▶ **INSTRUCTIONS TO FOLLOW**:
Although the records contain pictures, only their text should be set down, exactly as written.

▶ **DATA TO USE**:
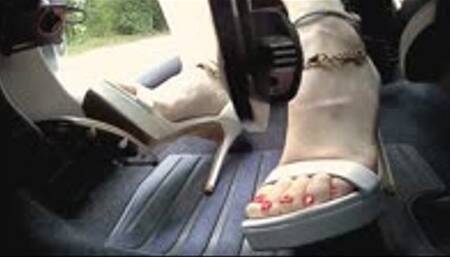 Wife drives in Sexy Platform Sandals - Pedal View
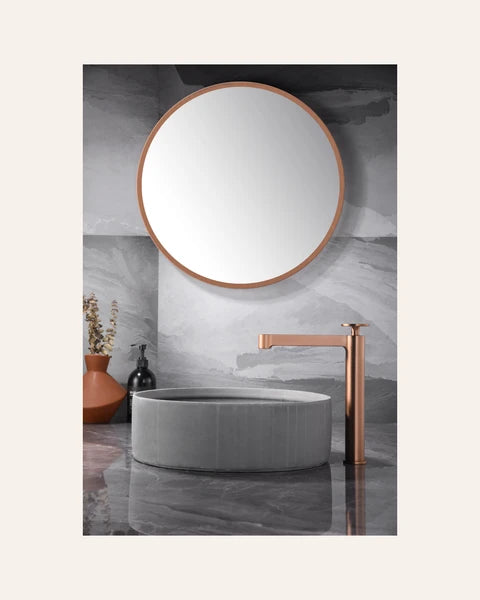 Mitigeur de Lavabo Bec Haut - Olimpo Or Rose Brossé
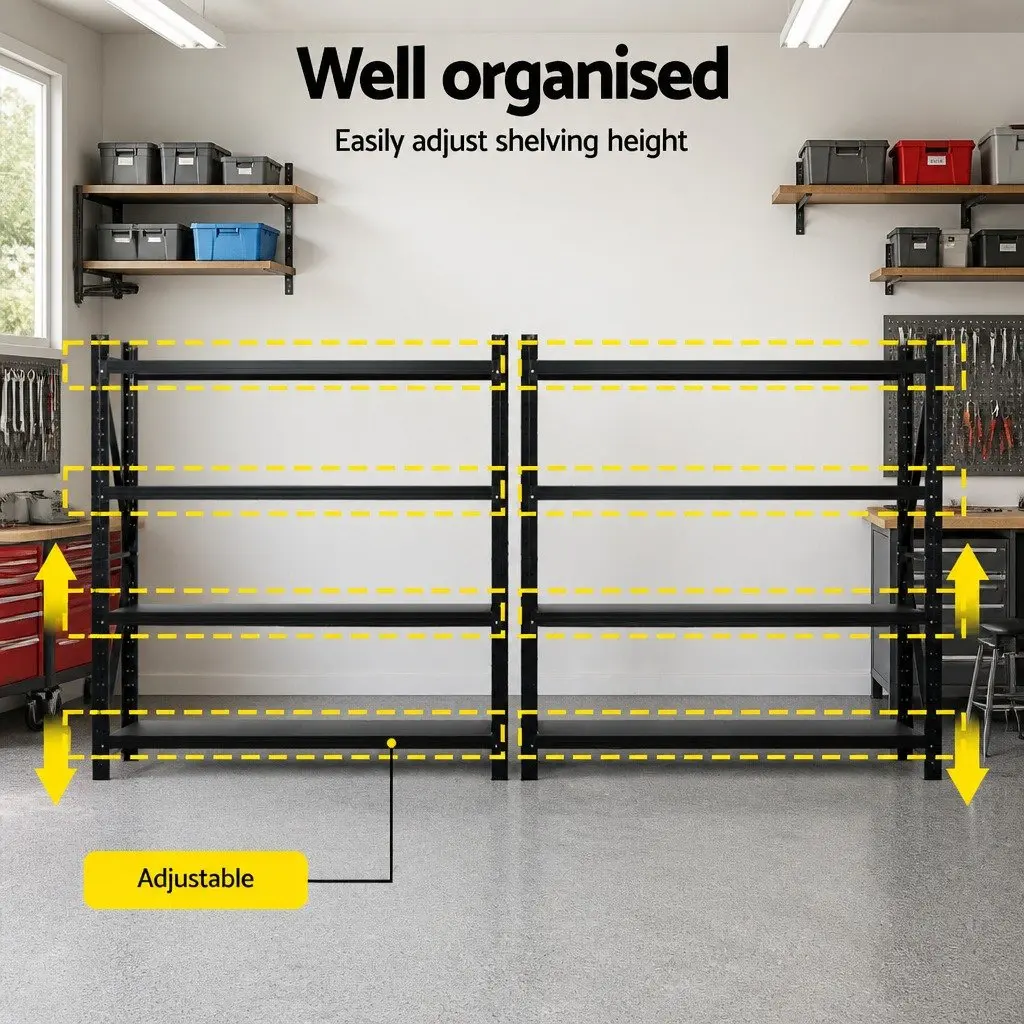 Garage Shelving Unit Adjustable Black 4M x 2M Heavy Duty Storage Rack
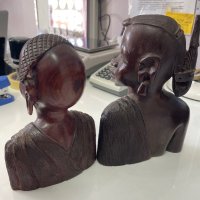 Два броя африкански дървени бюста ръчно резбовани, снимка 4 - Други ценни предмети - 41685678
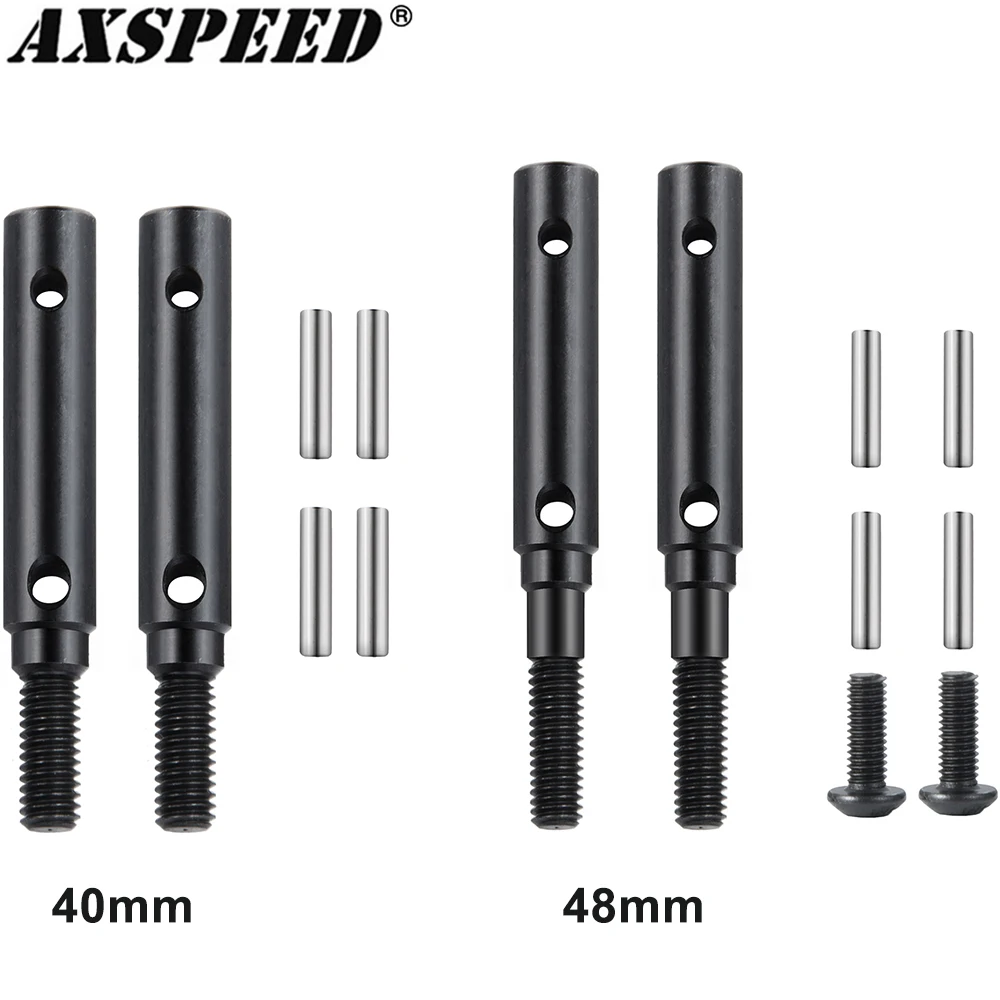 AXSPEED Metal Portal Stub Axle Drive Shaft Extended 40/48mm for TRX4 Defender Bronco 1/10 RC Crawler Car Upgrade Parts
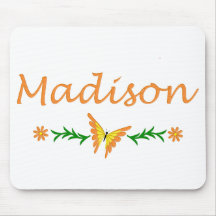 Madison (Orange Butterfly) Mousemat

▶ **OUTPUT BELOW**:
 Wife drives in Sexy Platform Sandals - Pedal View
 Mitigeur de Lavabo Bec Haut - Olimpo Or Rose Brossé
 Garage Shelving Unit Adjustable Black 4M x 2M Heavy Duty Storage Rack
 Два броя африкански дървени бюста ръчно резбовани, снимка 4 - Други ценни предмети - 41685678
 AXSPEED Metal Portal Stub Axle Drive Shaft Extended 40/48mm for TRX4 Defender Bronco 1/10 RC Crawler Car Upgrade Parts
 Madison (Orange Butterfly) Mousemat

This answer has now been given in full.